• Exercise aim: Your output should repeat the entries below exactly. It should contain no images.

• Records for the exercise:

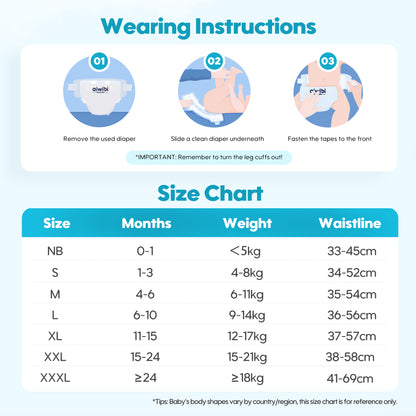 Aiwibi Ultra Thin newborn diapers size chart
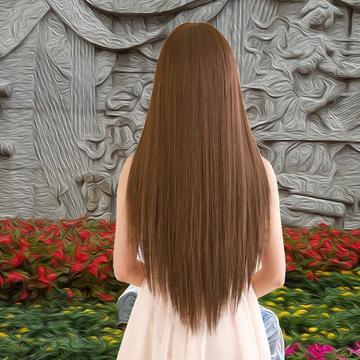 假发女长直发 自然仿真齐刘海长发全头套整顶假发套时尚女生批发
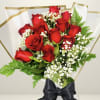 12 Beautiful Red Roses Arranged With Babys Breath And Greenery Hand-Tied Bouquet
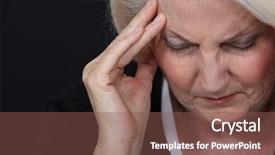  Presentation with headache - Slide deck featuring sad face - senior woman having headache background and a violet colored foreground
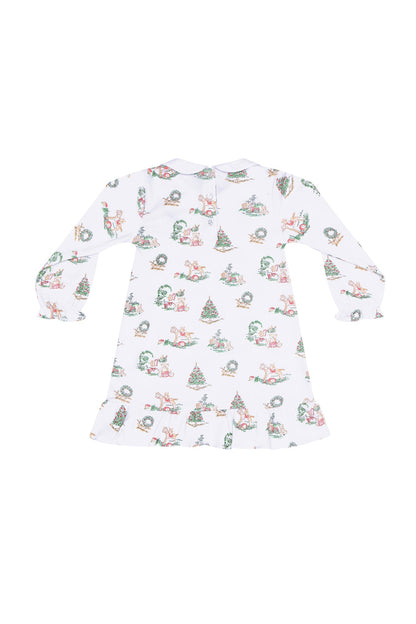 Girls Christmas Toile Long Sleeve Pima Cotton Playtime Dress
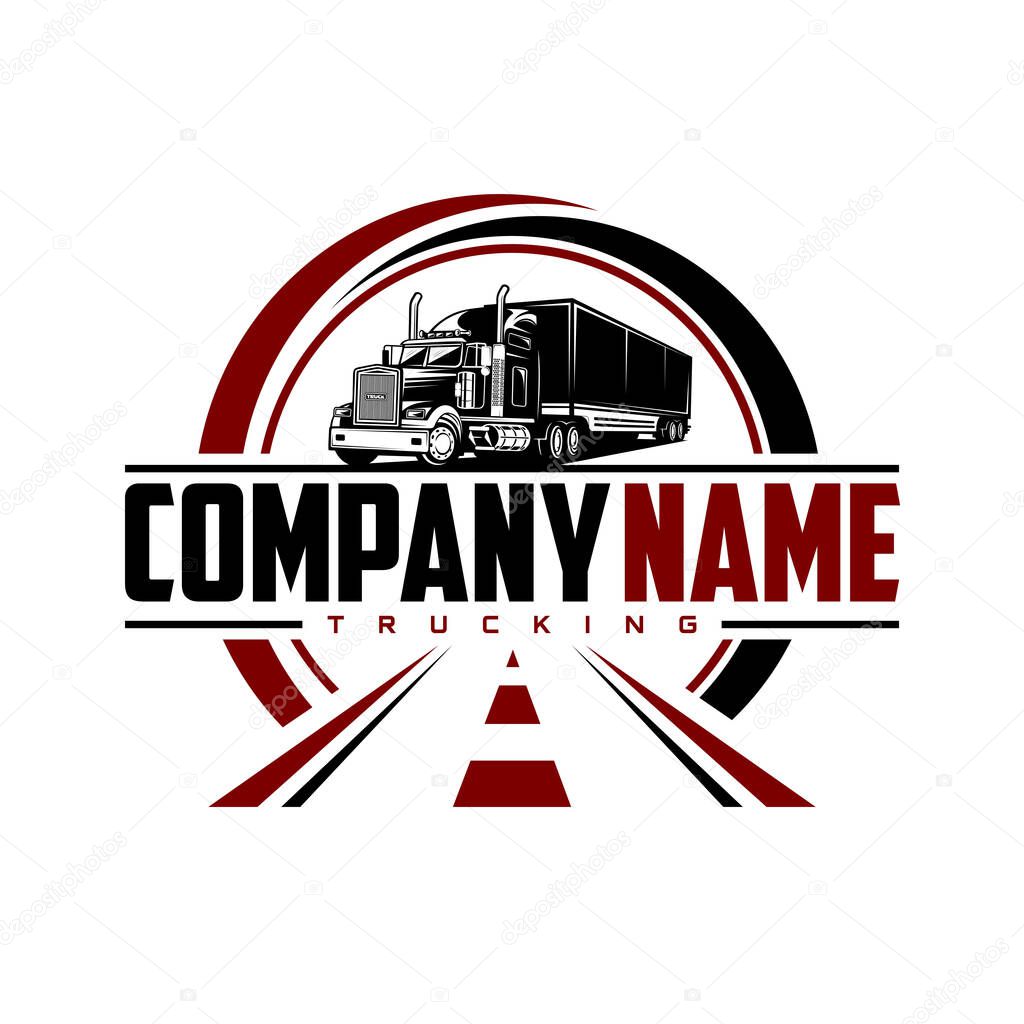 Truck Company Transportation Logo Illustration on white background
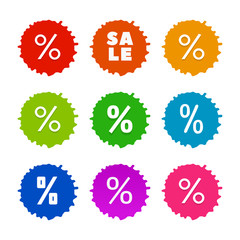 Promotional corner located element. Color splash label, tag, badge, icon with text. Accent promotion flyer, frame design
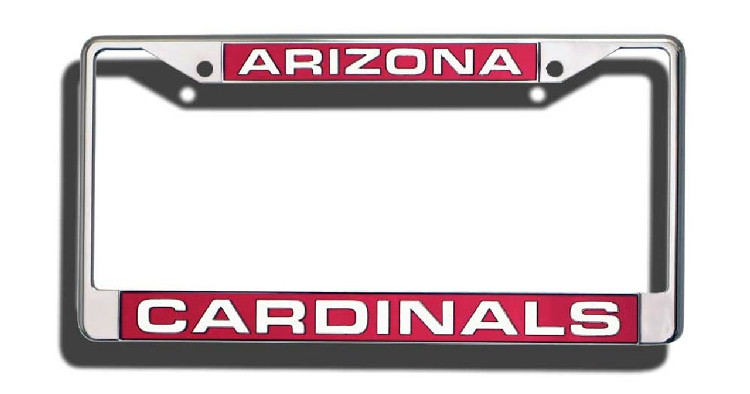 Arizona Cardinals License Plate Frame Laser Cut Chrome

• Output for this exercise:
 Aiwibi Ultra Thin newborn diapers size chart
 假发女长直发 自然仿真齐刘海长发全头套整顶假发套时尚女生批发
 12 Beautiful Red Roses Arranged With Babys Breath And Greenery Hand-Tied Bouquet
  Presentation with headache - Slide deck featuring sad face - senior woman having headache background and a violet colored foreground
 Girls Christmas Toile Long Sleeve Pima Cotton Playtime Dress
 Truck Company Transportation Logo Illustration on white background
 Promotional corner located element. Color splash label, tag, badge, icon with text. Accent promotion flyer, frame design
 Arizona Cardinals License Plate Frame Laser Cut Chrome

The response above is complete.